REQUIREMENT
Every line from the one with "Genesis GV80 — Фото автомобиля 26" to the end of the listing below must be printed exactly, with no other text and no pictures.

RECORDS
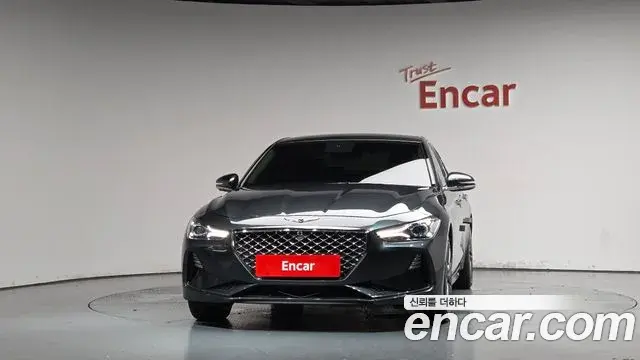 Genesis G70 2018 — Фото 3/20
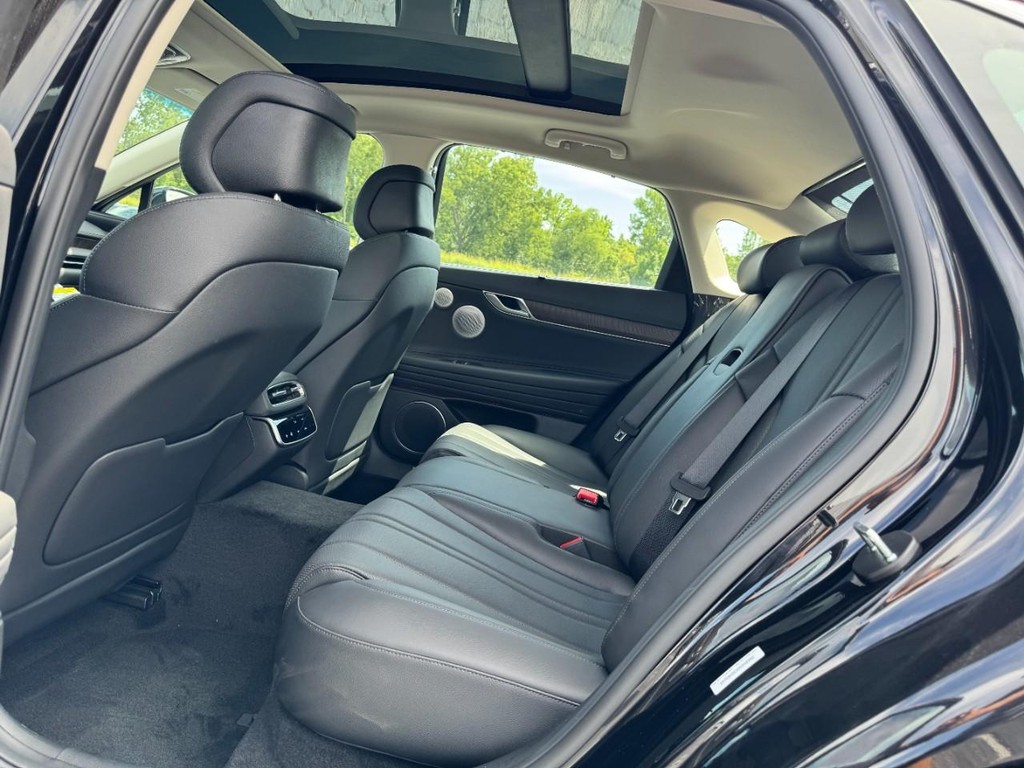 Genesis G80 Vehicle Full-screen Gallery Image 07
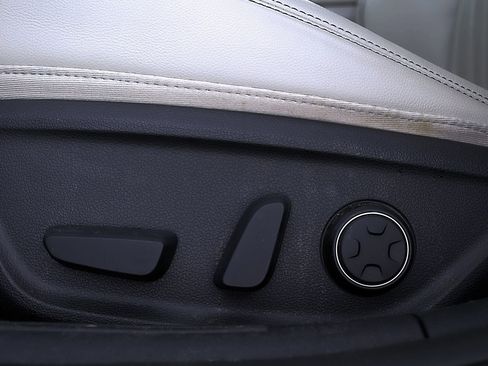 Used 2022 Genesis G70 2.0T w/ Prestige Package image 22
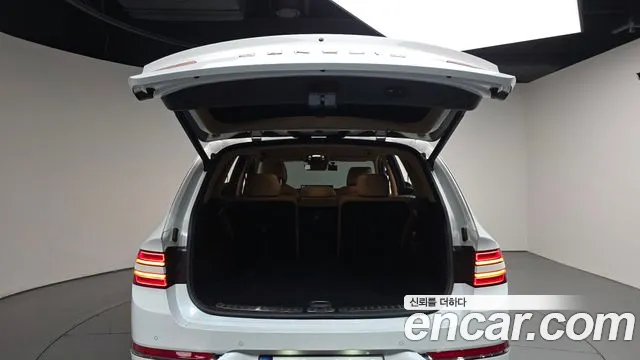 Genesis GV80 — Фото автомобиля 26
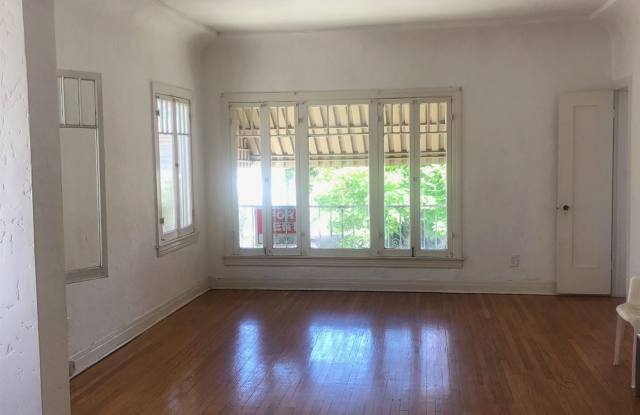 427 North Genesee Avenue Gallery 3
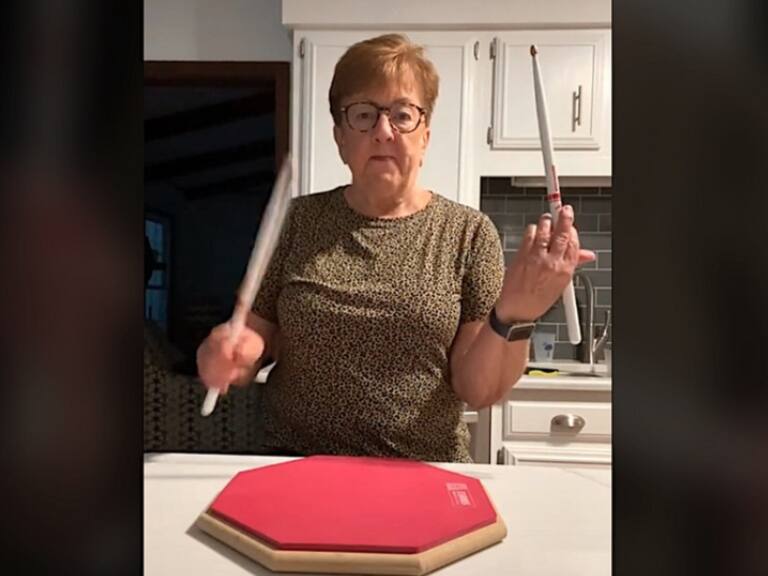 Sus videos tienen millones de reproducciones: Abuelita se hace viral por mostrar su gran talento con la batería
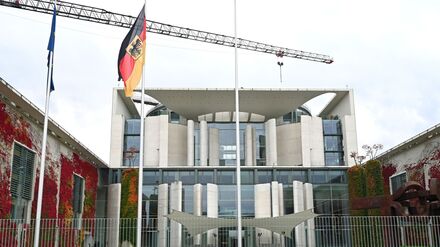 Rote Farbe am Kanzleramt: Kanzleramt beschmiert &ndash; 76-J&auml;hriger festgenommen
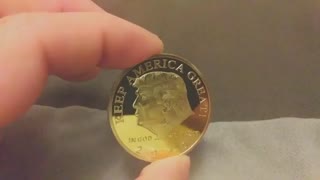 President Donald Trump gold-plated Coin 2020 [crazy viral]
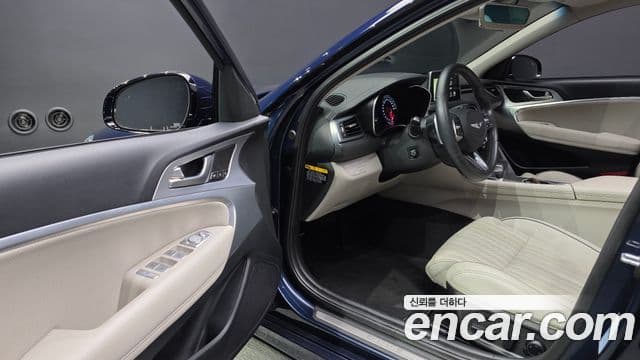 Genesis G70 Elite, 2019 11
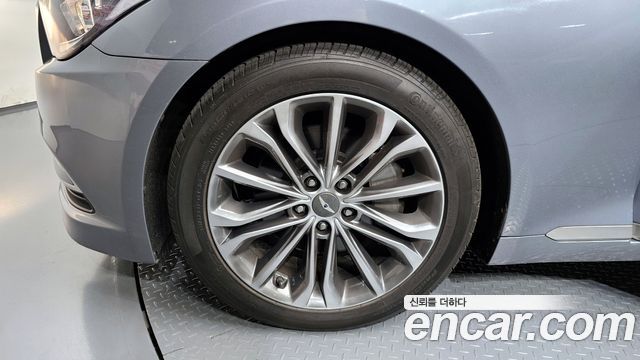 Hyundai Genesis из Кореи Encar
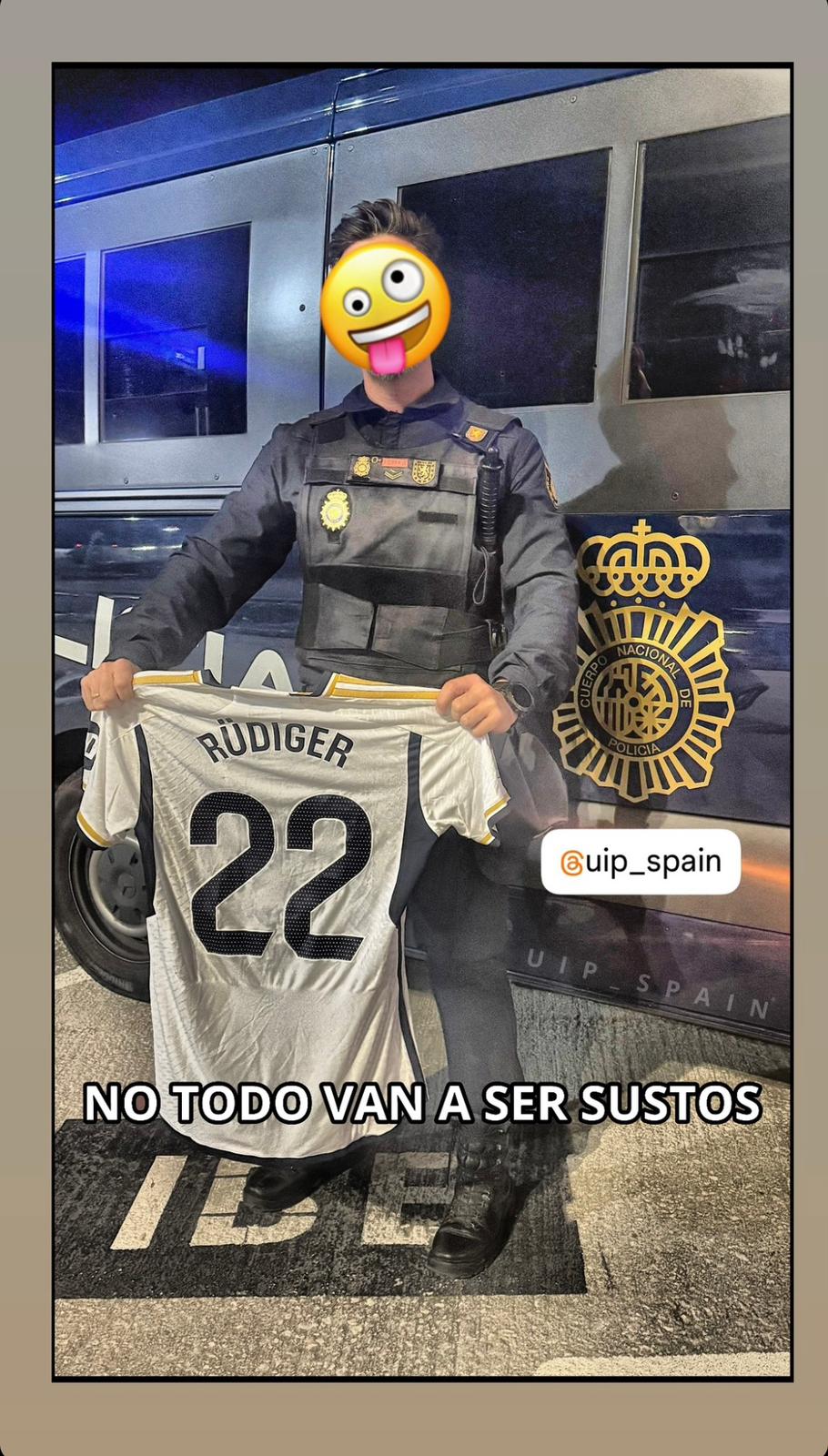 El Policía Nacional que protagonizó la anécdota viral del susto de Antonio Rüdiger se llevó la camiseta del alemán después del Clásico. (Instagram UIP)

WRITTEN RESPONSE
 Genesis GV80 — Фото автомобиля 26
 427 North Genesee Avenue Gallery 3
 Sus videos tienen millones de reproducciones: Abuelita se hace viral por mostrar su gran talento con la batería
 Rote Farbe am Kanzleramt: Kanzleramt beschmiert &ndash; 76-J&auml;hriger festgenommen
 President Donald Trump gold-plated Coin 2020 [crazy viral]
 Genesis G70 Elite, 2019 11
 Hyundai Genesis из Кореи Encar
 El Policía Nacional que protagonizó la anécdota viral del susto de Antonio Rüdiger se llevó la camiseta del alemán después del Clásico. (Instagram UIP)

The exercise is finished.